La lumière, Bruno Rollet l’a aussi captée en ouvrant le bâtiment sur l’arrière, vers le jardin d’un immeuble donnant boulevard Davout. Un patio intérieur planté d’un pin relie dalle et jardin et organise la vie du centre au rez-de-chaussée. Des aplats de couleur, orange, violet, bleu, mis en place par Céline Langlois, découpent des extraits de façades, de toitures et soulignent les éléments techniques pour mieux les déguiser. Cela tonifie l’ensemble en dessinant le jeu de volumes du bâtiment. Avec le soleil comme allié.
“Bien qu’il s’agisse d’un petit programme, souligne Rollet, ce bâtiment est vu par tous, il doit être perceptible selon deux échelles, celle du piéton et celle de l’habitant qui l’aperçoit depuis sa fenêtre. Il devait faire lien, agir comme un repère et susciter des regards.” Ainsi les voisins ont vue sur le toit en inox miroitant qui reflète le ciel, sur une terrasse plantée de sedum, de la verdure suspendue. En plus de gaulettes de châtaigner, venues de Charente, d’autres végétaux, un palmier, un pin ont été inoculés sur ce site. “L’habillage en bois de châtaigner, dit encore Rollet, répond à ma réflexion sur l’apport de la nature en ville, la végétalisation à tout crin n’est pas une fin en soi. Mon propos est aussi d’aller au bout d’une réflexion pour dessiner la limite entre l’espace public et l’espace privé, a fortiori sur un territoire qui a été aussi malmené, où aucun détail ne doit être négligé.”

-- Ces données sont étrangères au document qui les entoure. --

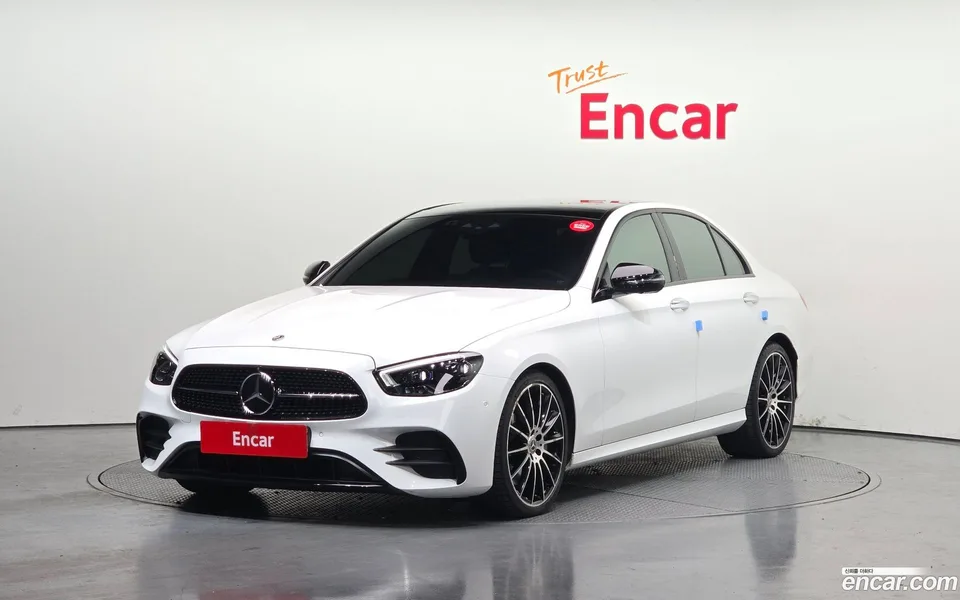 Mercedes-Benz E-Class E350 4MATIC AMG Line 2023 — фото 1, купить с доставкой в Москву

Bruno Rollet (né en 1961) incite à ne pas négliger les petites échelles invisibles de l’architecture, celles qui améliorent la vie quotidienne des habitants, cette somme d’interventions qui, petit à petit, réparent les erreurs urbaines concentrationnaires du passé. On avait déjà remarqué sa démarche dans le quartier Balzac de Vitry-sur-Seine (Val-de-Marne). Avec le Candide, son bâtiment manifeste, un immeuble de logements sociaux enveloppé dans une corbeille en osier tressé, avec sur son toit un potager collectif.
Sans utopie, mais avec la ténacité d’un rebâtisseur du collectif, sans dogme, mais dans l’urgence de bâtir “autrement pour habiter autrement”, Rollet se pose la question de transmettre sa pratique. Son agence, une petite équipe très féminine d’à peine dix personnes, a eu la bonne idée de lancer un journal : J*/N°1. Où, avec la complicité de la journaliste Michèle Leloup, il présente ses projets et recherches. Pas uniquement de la communication, un premier pas vers le débat, l’échange. Y sont décrits une contribution au mal logement, menée avec l’Action Tank Entreprise & Pauvreté ; des logements avec une pièce en plus, à Bordeaux, quartier du Lac ; et deux maisons connectées à Bezannes, près de Reims. Où habiteraient seniors, étudiants aidants, et famille avec enfants. Une vision évolutive pour s’adapter aux différentes étapes de la vie sans les séparer. En n’oubliant pas, comme l’écrit Michèle Leloup, tout ce qu’il y a autour de l’habitat. “Les ombres portées par le soleil, les odeurs de frondaisons, le sifflement du vent dans les feuillus, les vues et les perspectives.”